When I run hg --traceback convert -s svn http://svn.xxx.com/svn/... ~/hg/... I get this traceback: File "/usr/lib/pymodules/python2.6/hgext/convert/convcmd.py", line 398, in convert c.convert(sortmode) File "/usr/lib/pymodules/python2.6/hgext/convert/convcmd.py", line 312, in convert parents = self.walktree(heads) File "/usr/lib/pymodules/python2.6/hgext/convert/convcmd.py", line 109, in walktree commit = self.cachecommit(n) File "/usr/lib/pymodules/python2.6/hgext/convert/convcmd.py", line 267, in cachecommit commit = self.source.getcommit(rev) File "/usr/lib/pymodules/python2.6/hgext/convert/subversion.py", line 433, in getcommit self._fetch_revisions(revnum, stop) File "/usr/lib/pymodules/python2.6/hgext/convert/subversion.py", line 814, in _fetch_revisions for entry in stream: File "/usr/lib/pymodules/python2.6/hgext/convert/subversion.py", line 122, in __iter__ entry = pickle.load(self._stdout) IOError: [Errno 4] Interrupted system call abort: Interrupted system call Apparently, a signal is sent to Python which interrupts pickle.load(). Is there something which Mercurial can do or do I have to file a bug report with Python? If you can't do anything about this, what signal could that be? SIGCHILD? Or is there a timer running?
Could it be the child process retrieving svn logs is being killed because it consumes too much memory or something like this?
Forgot the version info: hg version 1.5.2 OS: Linux xxx 2.6.32-22-generic-pae #33-Ubuntu SMP i686 GNU/Linux Subversion: version 1.6.6
@pmezard: No, when I call "svn log" or the other operations which I see with "-debug -v", then they proceed. ulimit also looks good: core file size (blocks, -c) 0 data seg size (kbytes, -d) unlimited scheduling priority (-e) 20 file size (blocks, -f) unlimited pending signals (-i) 16382 max locked memory (kbytes, -l) 64 max memory size (kbytes, -m) unlimited open files (-n) 1024 pipe size (512 bytes, -p) 8 POSIX message queues (bytes, -q) 819200 real-time priority (-r) 0 stack size (kbytes, -s) 8192 cpu time (seconds, -t) unlimited max user processes (-u) unlimited virtual memory (kbytes, -v) unlimited file locks (-x) unlimited
Ok, then could it be the http/svn server closing the connection? Perhaps you can measure how long it takes for the error to happen. To explain a bit, before starting the revision conversion, convert extension discovers the whole revision graph it has to convert. In svn case, it may request large amount of changelog for many branches and your server may not tolerate it. Also, because the svn python bindings where historically very leaky, this operation is performed in a child process, killed once the log is retrieved which probably explains the weird error message. You can try passing --config convert.svn.startrev=1000 or something not too large and see if it works better.

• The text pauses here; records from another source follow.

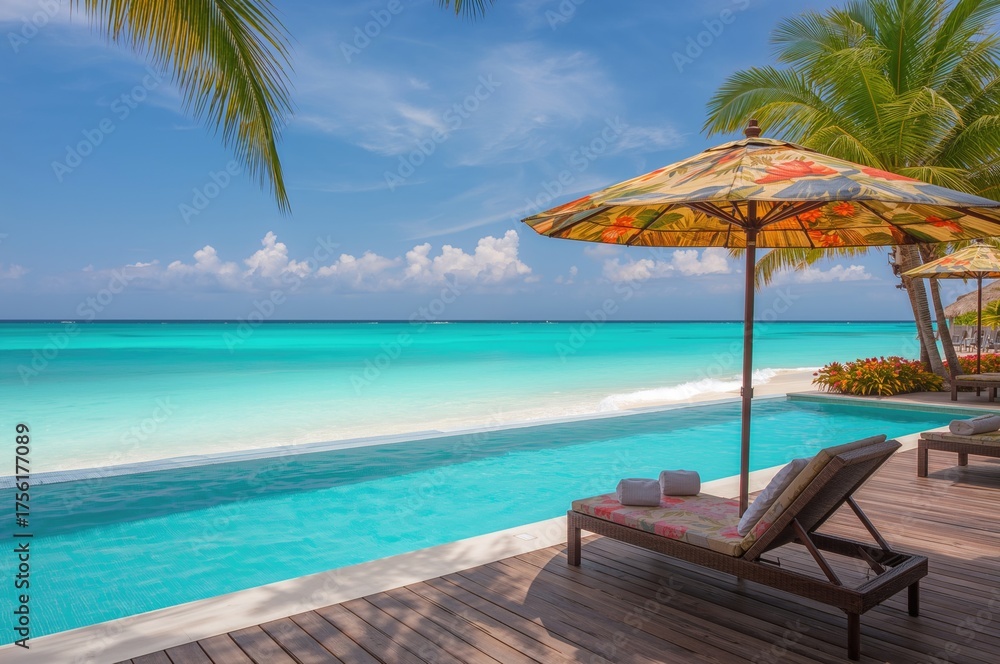 Obraz premium Stunning Tropical Seaside Setting Featuring Umbrella and Chairs Near an Outdoor Pool at Dawn or Dusk for Holiday Relaxation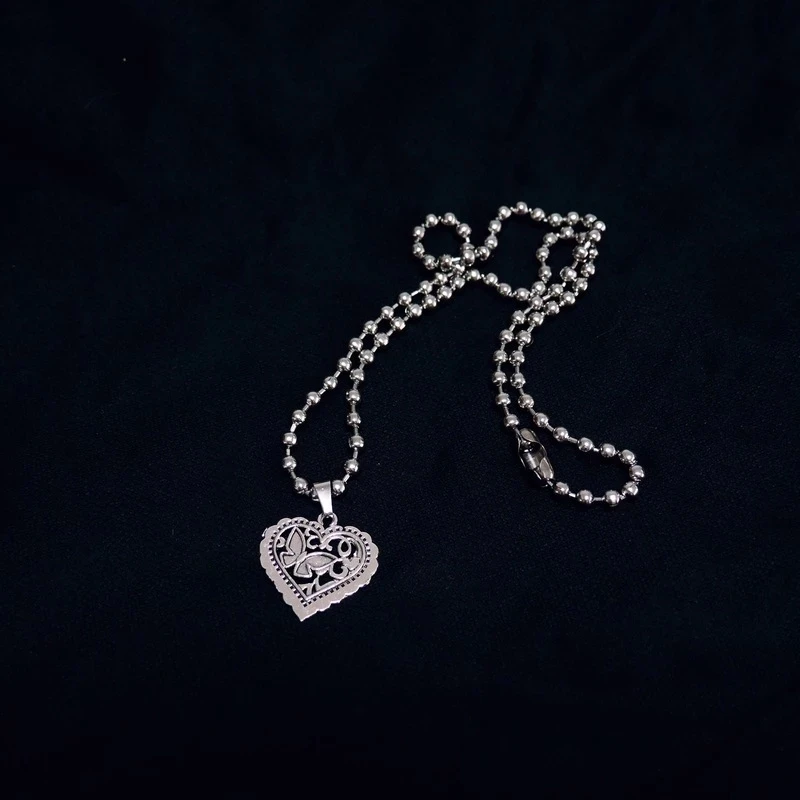 

Punk Heart Aesthetic Necklace Stainless Steel Bead Chain For girl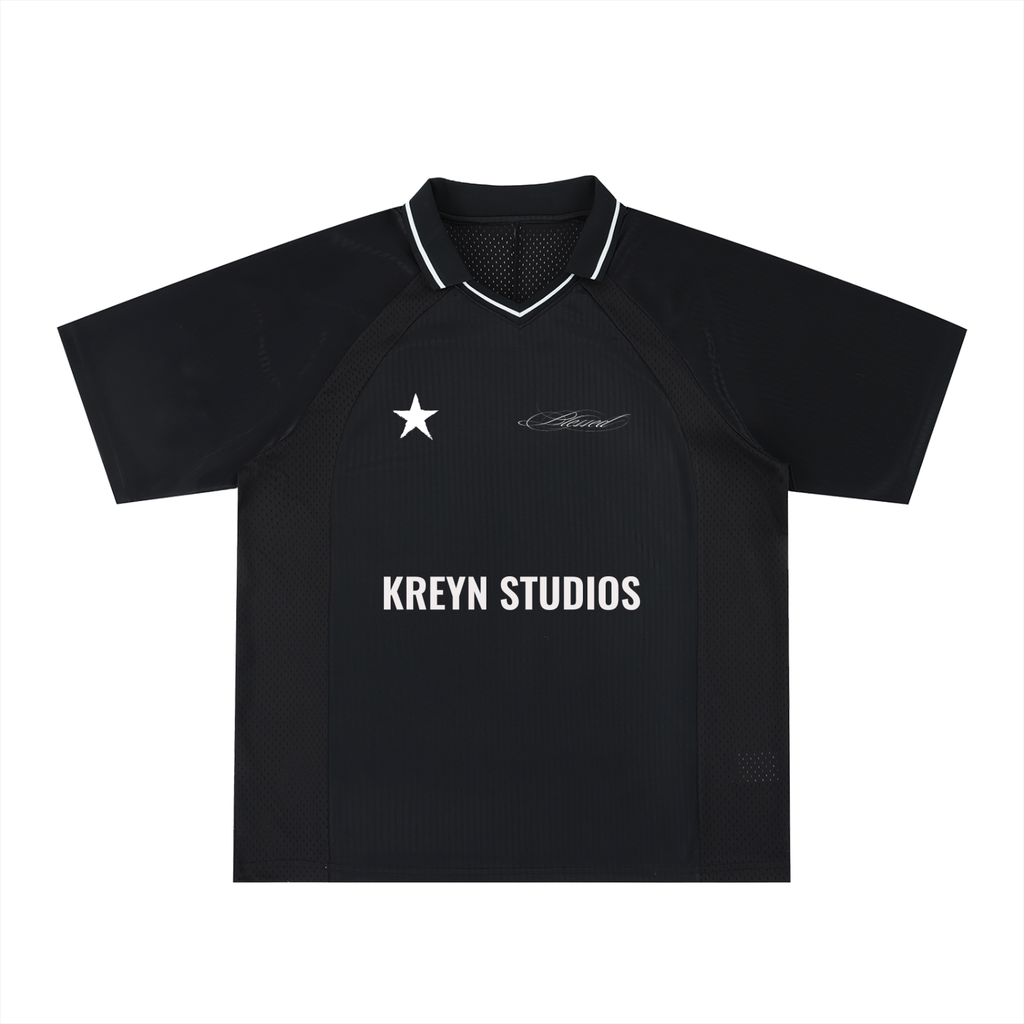 Striped V-Neck Soccer Jersey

Making title more accurate
I had a strange failure which ended with "Error 200 OK" but that was because of a corrupted Subversion repository which we fixed. Now, I'm using convert to update this first clone so I only need about 10 revisions. There is no timeout, the processing happens very fast and then it fails. time(1) says 1.246s. I doubt it's a memory issue. But killing the child could be the problem. Can you tell me how to delay the killing until after the pickle.load() returns None?
Oh, and it happens sometimes after "scanning source..." and before "sorting..." and sometimes after "converting...". So it's not only "svn log" but also the download of the revisions itself which fails.
Can you run strace on it? strace -o trace.out -f <hg command> That might give some hints.
And can you try to comment this line: http://hg.intevation.org/mercurial/file/b5ef95b5ae14/hgext/convert/subversion.py#l100 An early termination issue was reported a long time ago and it seemed to fix it.
Sometimes, it fails after all the revisions are converted and sometimes, it completes without error. Looks like a race condition. strace makes it better but I got it to fail again ;-) I've cleaned the trace (500KB). Should I add it or sent it to you directly?
Uncommenting exit(0) doesn't help.
What I see is a lot of calls to execve("/usr/local/bin/hg", ["/usr/local/bin/hg", "debugsvnlog"],...) What happens when this script throws an exception? Is such an exception correctly pickled?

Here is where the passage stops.